Defer MetricKey construction to the aggregator thread by dougqh · Pull Request #11381 · DataDog/dd-trace-java

dougqh · 2026-05-15T17:58:54Z

Summary

Stacked on top of #11380 -- review that first; the merge base of this PR is dougqh/conflating-metrics-producer-wins, not master. The diff shown here is only the work that's new beyond that PR.

Moves the per-span MetricKey construction, cache lookups, and aggregation off the producer thread into the existing aggregator thread, replacing the Batch-based conflation pipeline with a thin per-span SpanSnapshot posted to the inbox.

What the producer does now (per span)

filter (shouldComputeMetric, resource-ignored, longRunning)
collect tag values into a SpanSnapshot (one allocation per span)
inbox.offer(snapshot) + return error flag for forceKeep

What moved off the producer

MetricKey construction and its hash computation
SERVICE_NAMES.computeIfAbsent (UTF8 encoding of service name)
SPAN_KINDS.computeIfAbsent (UTF8 encoding of span.kind)
PEER_TAGS_CACHE lookups (peer-tag name+value UTF8 encoding)
pending / keys ConcurrentHashMap operations
Batch pooling, atomic ops, contributeTo

Removed entirely

Batch.java -- the aggregator's existing LRUCache<MetricKey, AggregateMetric> IS the conflation point now
pending ConcurrentHashMap<MetricKey, Batch>
keys ConcurrentHashMap<MetricKey, MetricKey> (canonical dedup)
batchPool MessagePassingQueue<Batch>
CommonKeyCleaner's keys.keySet() tracking; AggregateExpiry now just reports LRU drops to health metrics

Added

SpanSnapshot: immutable value carrying the raw MetricKey inputs + a tagAndDuration long (duration OR-ed with ERROR_TAG / TOP_LEVEL_TAG).
AggregateMetric.recordOneDuration(long) -- single-hit equivalent of the existing recordDurations(int, AtomicLongArray).
Peer-tag values flow through the snapshot as a flattened String[] of [name0, value0, name1, value1, ...]; the aggregator encodes them through PEER_TAGS_CACHE on its own thread.
HealthMetrics.onStatsInboxFull() + a TracerHealthMetrics counter reported as stats.dropped_aggregates{reason:inbox_full} -- parallel to the existing reason:lru_eviction. Without conflation the producer can lose snapshots when the bounded MPSC queue is full; this makes that visible without silencing it.

Benchmark results (2 forks × 5 iter × 15s)

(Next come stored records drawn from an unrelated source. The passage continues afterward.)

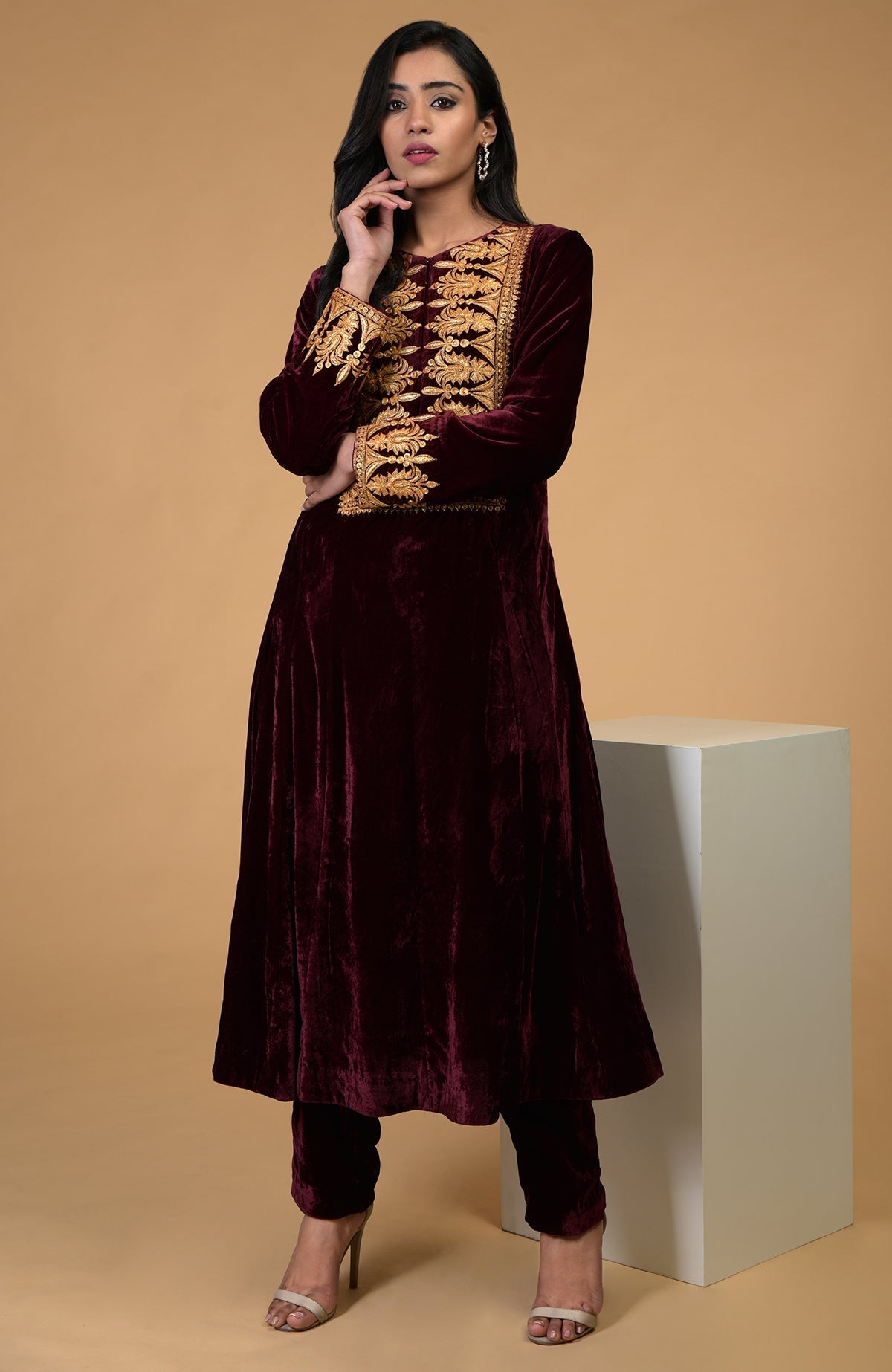 A woman models a rose maroon gold Kashmiri tilla embroidered kurta set.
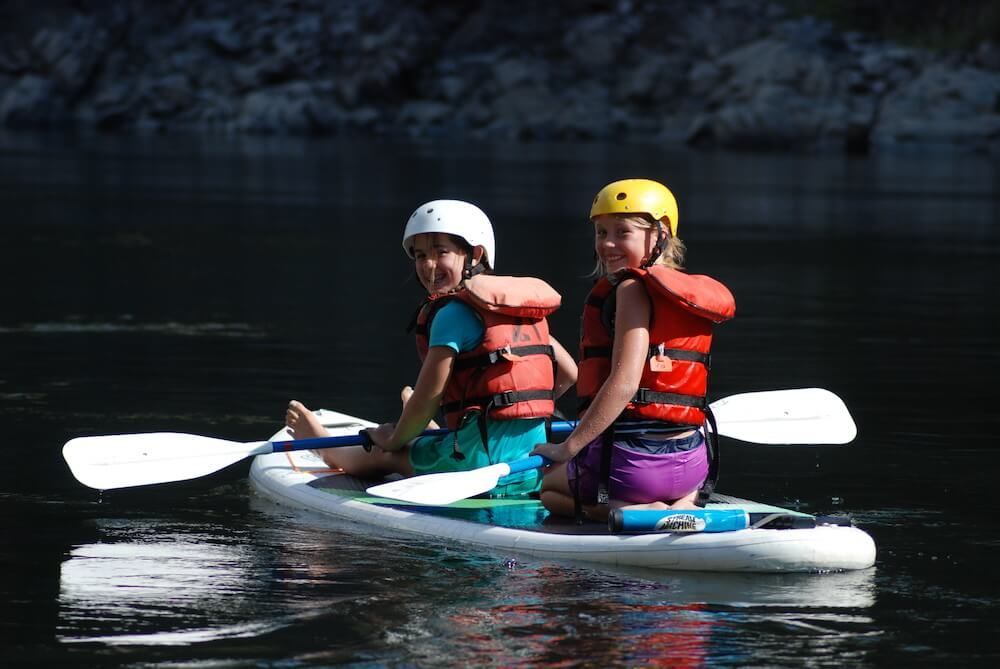 Two Young Girls Are Riding a Paddle Board in The Water 
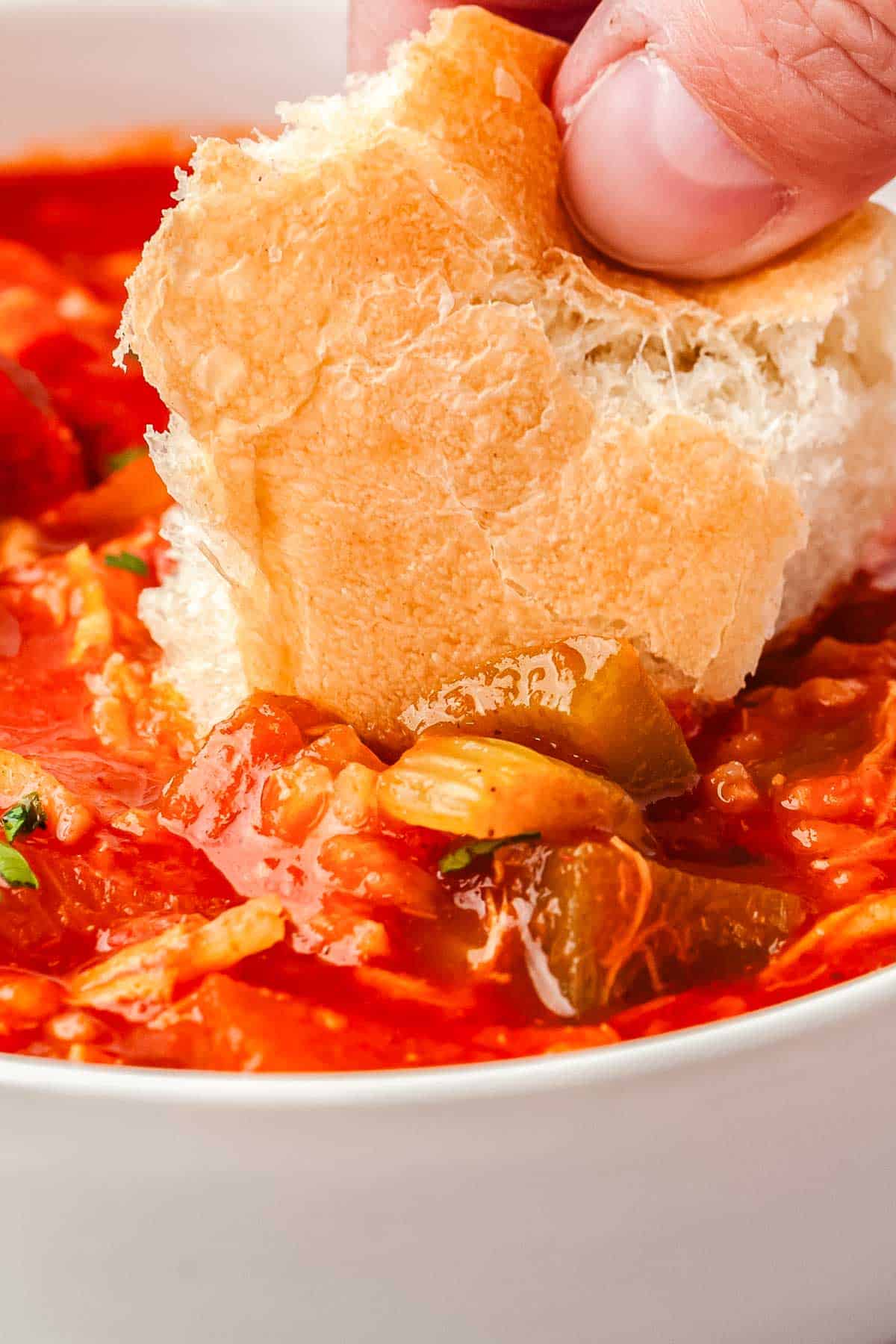 A piece of white dinner bread being dipped into a bowl of chicken sausage gumbo.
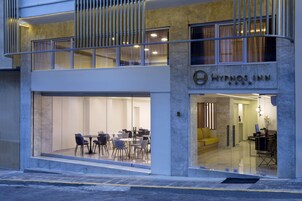 Ένα διώροφο κτίριο με γυάλινη πρόσοψη, ένα ορατό τμήμα εστιατορίου με τραπέζια και καρέκλες και μια επιγραφή που γράφει «Hypnos Inn».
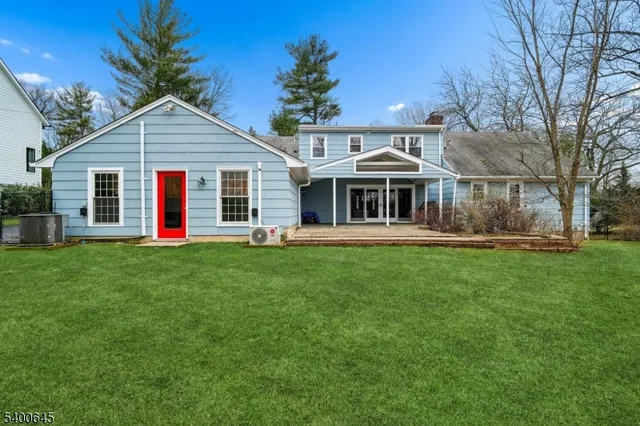 a view of outdoor space yard and front view of house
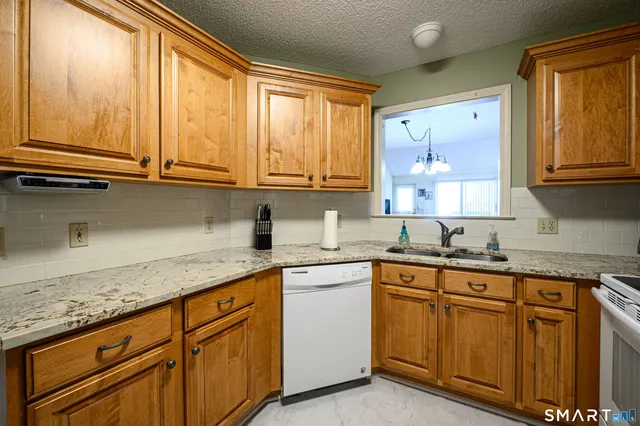 a kitchen with stainless steel appliances granite countertop a sink and cabinets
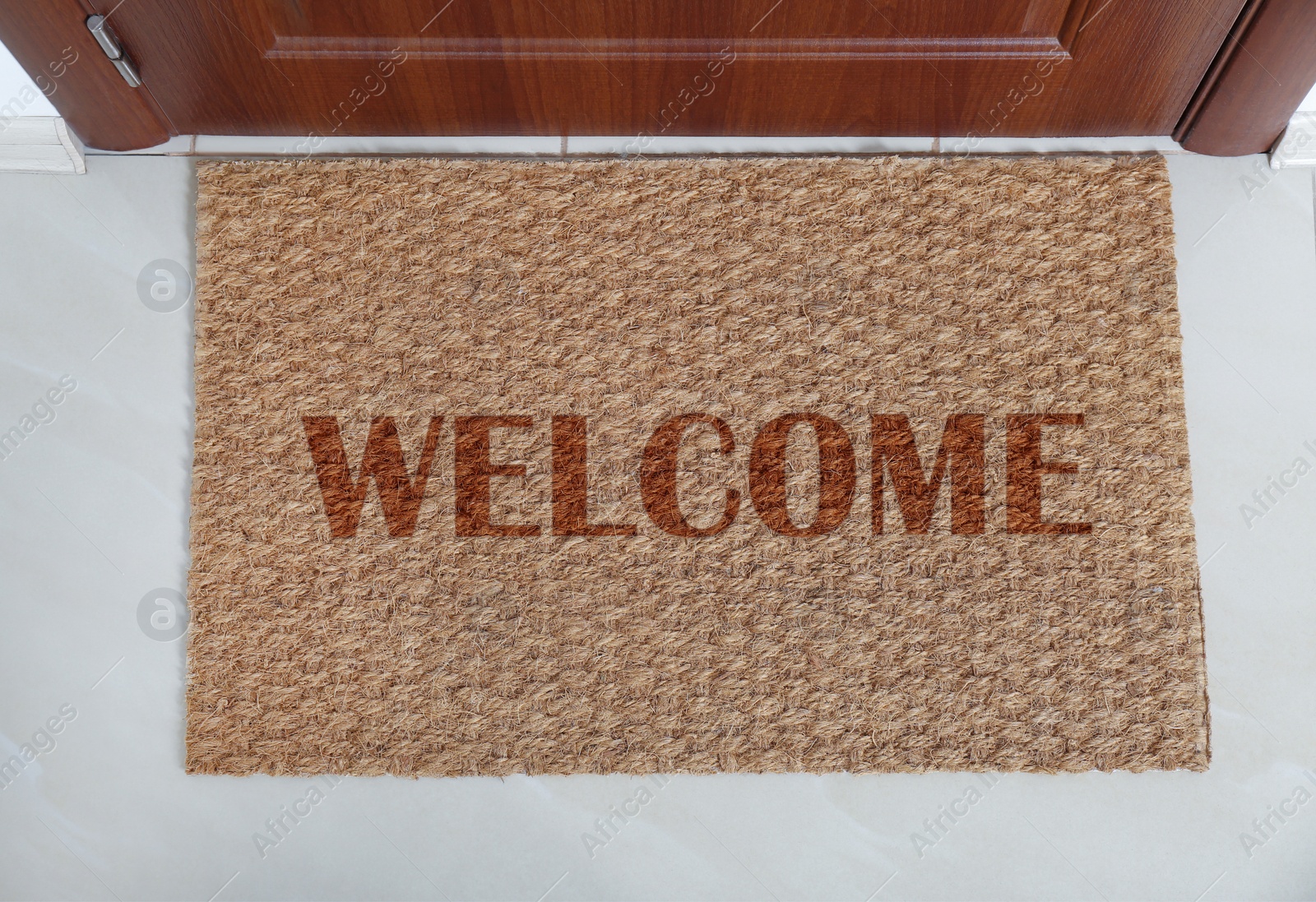 Image of Door mat with word WELCOME near entrance, top view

ConflatingMetricsAggregatorDDSpanBenchmark:

	avgt (µs/op)	CI (99.9%)
prior commit (stacked base)	6.343 ± 0.115	[6.228, 6.458]
this PR	2.506 ± 0.044	[2.462, 2.550]

~60% faster on the production DDSpan path. The SimpleSpan bench shows ~53% faster as well.

Caveat on the bench numbers

Without conflation, the producer pushes 1 inbox item per span instead of ~1 per 64. At the JMH bench's synthetic rate (effectively ~20M snapshots/sec from the producer) the consumer can't keep up and inbox.offer silently drops -- the new onStatsInboxFull counter would fire constantly. The headline numbers measure producer publish() latency only; consumer throughput at realistic span rates is a follow-up to validate. Tuning maxPending matters more in this design.

Real fixes for capacity (out of scope for this PR):

Bump maxPending default; the conflating design used 2048 slots × ~64 conflation = ~131K effective capacity, the new design has 2048 slots flat.
Producer-side mini-batching (TLAB-style accumulator per thread) to recover some compression.

Test plan

./gradlew :dd-trace-core:test --tests 'datadog.trace.common.metrics.*' passes
./gradlew :dd-trace-core:test --tests 'datadog.trace.core.monitor.*' passes
./gradlew :dd-trace-core:compileJava :dd-trace-core:compileTestGroovy :dd-trace-core:compileJmhJava :dd-trace-core:compileTraceAgentTestGroovy all green
./gradlew spotlessCheck clean
CI muzzle / integration suites
Validate stats.dropped_aggregates{reason:inbox_full} reports as expected under a synthetic high-load run (not in the JMH bench)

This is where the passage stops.